O’Reilly and Dugan’s “Killing Kennedy” is for people in the first group. Incidentally, these two men are authors of the recent book “Killing Lincoln,” which was reviewed on these pages on October 16. Both books are currently on the bestseller list - quite an accomplishment for authors of non-fiction. O’Reilly is well known as the host of Fox News’ “The O’Reilly Factor.”

The second half of the book’s title refers to a musical Kennedy liked, “Camelot,” which was popular at the time. It had a line that there was a place where “there’s simply not a more congenial spot for happily-ever-aftering.” People hoped, after the Eisenhower years, that life would be better because of Kennedy’s presidency. As the title indicates, it did not turn out that way.

“Killing Kennedy” opens with the well-known, dramatic World War II story of Kennedy’s boat, PT109, being sunk and his heroic effort to save his sailors. It then jumps to 1961, after he has taken office, and goes on from there.

We see the young president as a dynamic, master politician dealing with such difficult and important issues as trying to remove Cuban President, Fidel Castro; ordering the Cuban Bay of Pigs invasion and facing the consequences if its failure; handling the Cuban missile crisis; dealing with the Soviet Union and its president, Nikita Khrushchev; witnessing the building of the Berlin wall; watching the U.S. gradually get sucked into the war in Vietnam because of the perceived communist threat and the widely held domino theory; and working with the leaders of the civil rights movement.

The reader also sees Kennedy deal with various people of power in Washington who really did not like or trust him. These individuals included Vice-President Lyndon Johnson, Allen Dulles of the CIA, J. Edgar Hoover of the FBI, the diplomatic corps and senior members of the military establishment.

We see him as a celebrity, associating with important and popular individuals in politics, the arts and entertainment and the civil rights movement.

We also see him as a family man, enjoying the company of his adoring wife, Jackie, and their two children. We live through Jackie’s loss of three babies.

We see him meeting his compulsive, adulterous needs which, if known by the public, would have ruined him. Although his activities were well known by members of the press corps at the time, they chose not to reveal them.

We also follow the life and activities of his assassin, Lee Harvey Oswald. We find out when he joined the Marines; why he defected to the Soviet Union and then returned to the U.S.; his attempt to move to Cuba; his marital problems; and finally, his killing of Kennedy, being captured and being slain by Jack Ruby. We also hear him say after his capture “I am just a patsy,” which has inspired countless theories of conspiracy that the authors categorically and emphatically deny.

In all, “Killing Kennedy” makes his life, activities and times come alive to readers who might not know much of him fifty years later.

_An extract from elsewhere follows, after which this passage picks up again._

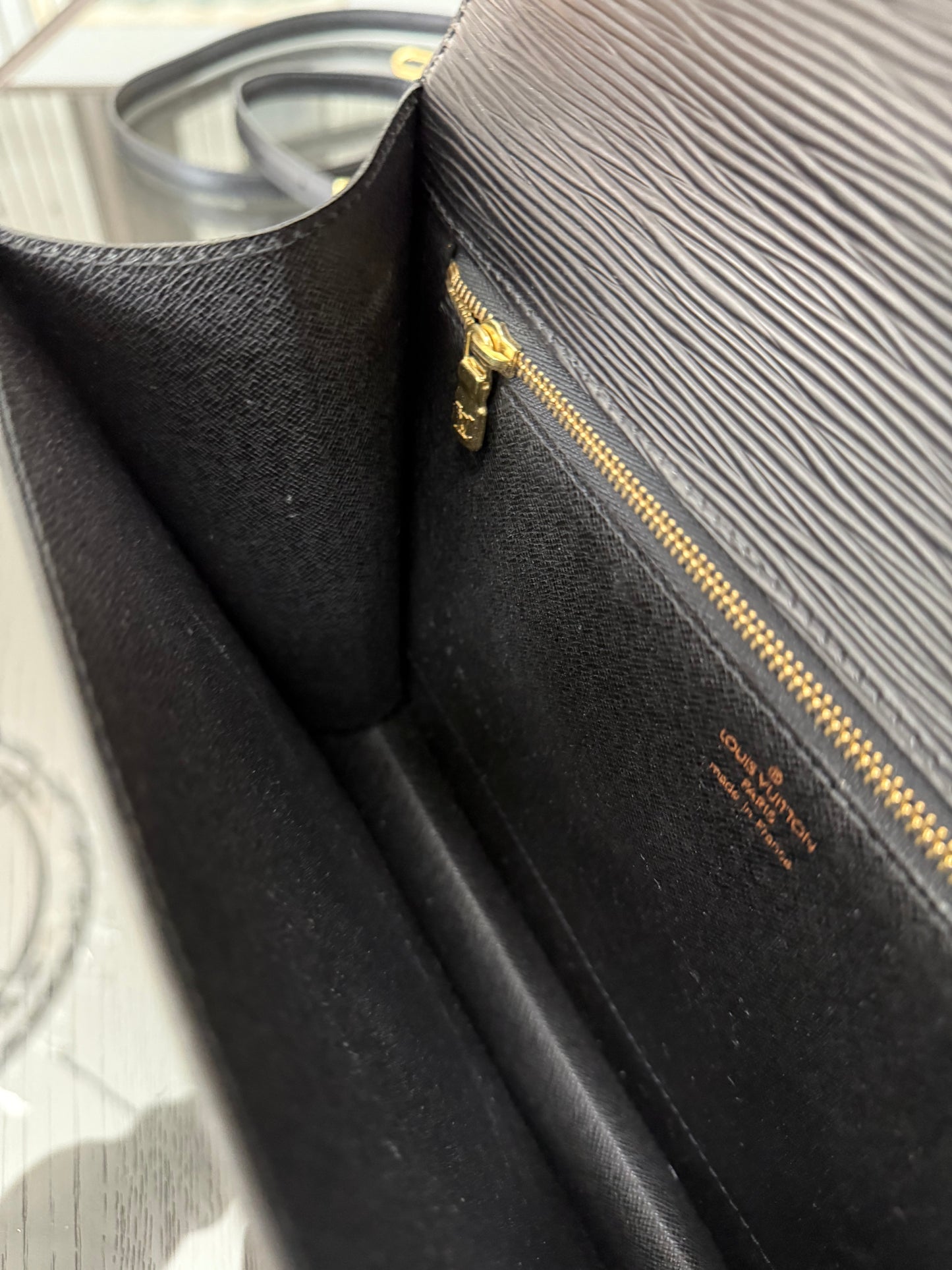Epi Black Monceau 28 Crossbody 2 Way Bag - 📅 Year: 1997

This book has several good features.

It tells us from time to time how much longer Kennedy has to live, thereby adding unity to the tale and building tension. It has maps, which are useful in following the action in the narrative. The chapters are divided into sections about one page long, which go back and forth between issues and personalities.

This helps the reader follow several different story lines at the same time and to maintain human interest. The photos are placed with their associated text. The ‘afterword’ tells what became of the major characters.

This book also has some problems. One is that the ‘sources’ are weak.

There is neither a real citation section nor a real bibliography; it does not help the advanced reader to check up on specific facts but is probably good enough for the ordinary reader.

A greater problem is that this book basically ends with Jack Ruby killing Lee Harvey Oswald, and Jackie’s grief at loosing her husband. This simple ending is consistent with the authors’ belief that Oswald acted alone but it leaves out conflicting statements of how Kennedy’s body was handled, the autopsies’ results and a lot of other controversies that the conspiracy believers seize upon. Perhaps this is permissible in a book written for popular reading but it is not good scholarship.

As the book’s place on the best seller list indicates it is a quick and easy, well written read that is difficult to put down.

If you are in one of the first three groups mentioned at the beginning of this review you will be interested to know that the Manhattan Public Library has on its shelves more than fifty books about who killed the President Kennedy and the Kennedys in general.

You could start your reading with “Killing Kennedy” and then visit the library for more. If you are in the fourth group, you probably will not want to bother.